Health equity advocates are lauding this week’s launch by the World Health Organization (WHO) of its Health Inequality Data Repository (HIDR), a comprehensive global collection of data that is available to the public to show information on population health and the factors that influence it.
By breaking down data based on parameters such as education level and ethnicity, the repository enables the analysis of health inequalities over time and across different population groups.
The HIDR includes nearly 11 million data points from 59 datasets from over 15 sources, covering over 2,000 indicators broken down by 22 dimensions of inequality. The repository reveals important inequality patterns, such as differences in hypertension and obesity rates between high-income and low-income countries, and inequalities in national COVID-19 responses, including vaccination coverage.

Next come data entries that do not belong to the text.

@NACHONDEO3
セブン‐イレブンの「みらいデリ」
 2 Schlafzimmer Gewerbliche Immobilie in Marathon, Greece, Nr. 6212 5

The data from the HIDR also shows that the rich-poor gap in health service coverage among women, newborns, and children in low- and middle-income countries has nearly halved in only the last ten years. Eliminating wealth-related inequality in under-five mortality in these countries could save the lives of 1.8 million children.
Countries are being urged by WHO to make health inequality monitoring a regular practice, share disaggregated data with the public, enhance data collection, and improve their capacity for analysis and reporting.
WHO is committed to updating and expanding the HIDR annually and integrating health inequality monitoring into global and national goals, indicators, and targets. Many health equity proponents are referencing this WHO initiative as one of the most significant developments in health equity data monitoring over the last twelve to twenty-four months and could have the positive effect of raising the bar in this area for months and years to come.